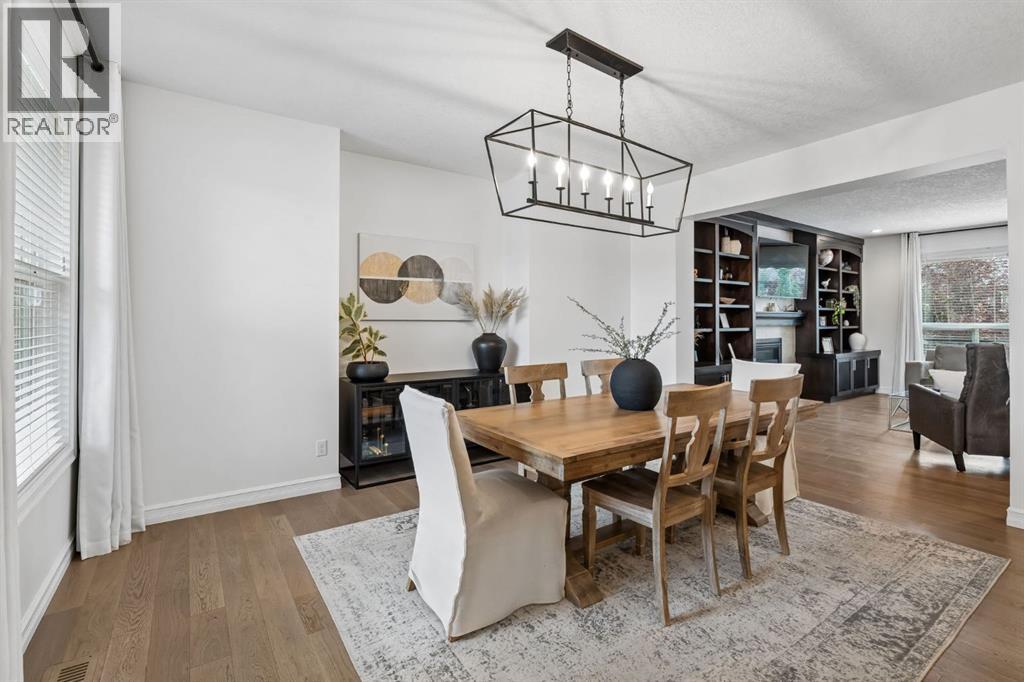 46 Aspenshire Place SW - Image 6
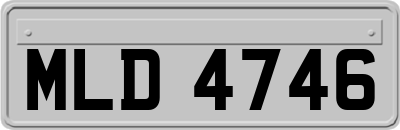MLD4746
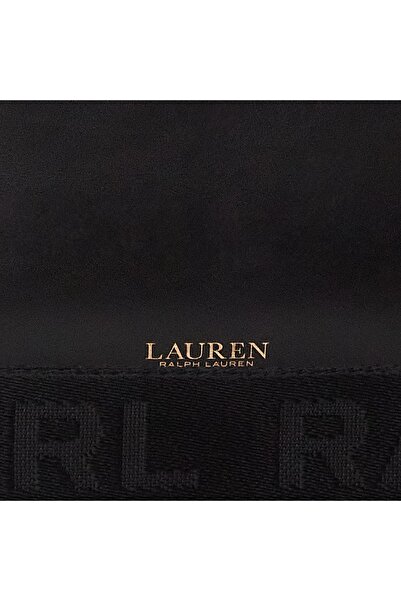 Polo Ralph Lauren KADIN OMUZ ÇANTASI 431920066001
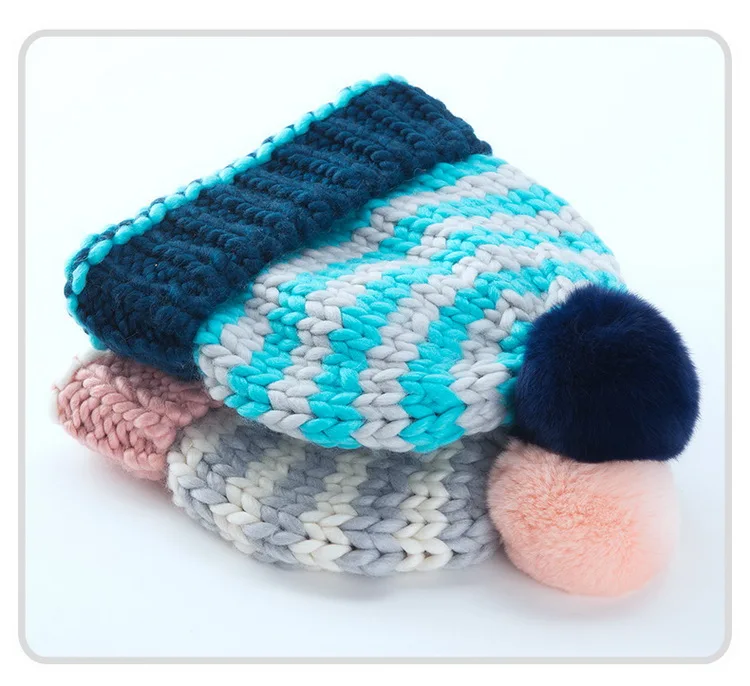 27042- winter hat for girls (8)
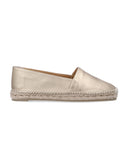 Scarpe da scarico di Castaner Golden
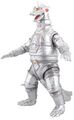 Mechagodzilla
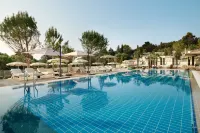 Arba Resort Valamar Collection - Pools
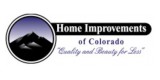 Home Improvements of Colorado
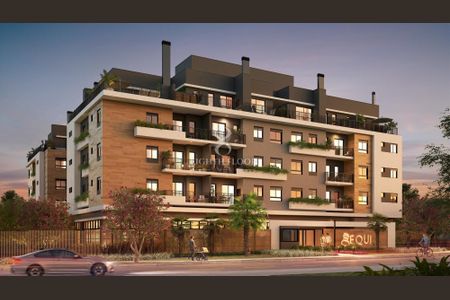 1_photo/94dce3b895.a35d824f3af3fba0-ATLAS-60d178e0-3841-49d6-8768-b53eef7fe76e.jpg de apartamento à venda com 2 quartos, 92m² em Seminário, Curitiba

• _WHAT YOU NEED TO DO_:
The line containing "Mechagodzilla" and all lines after it, through the last line of the records, should be returned exactly. Omit the pictures.

• _SOLUTION FOR THIS PROBLEM_:
 Mechagodzilla
 Arba Resort Valamar Collection - Pools
 Home Improvements of Colorado
 1_photo/94dce3b895.a35d824f3af3fba0-ATLAS-60d178e0-3841-49d6-8768-b53eef7fe76e.jpg de apartamento à venda com 2 quartos, 92m² em Seminário, Curitiba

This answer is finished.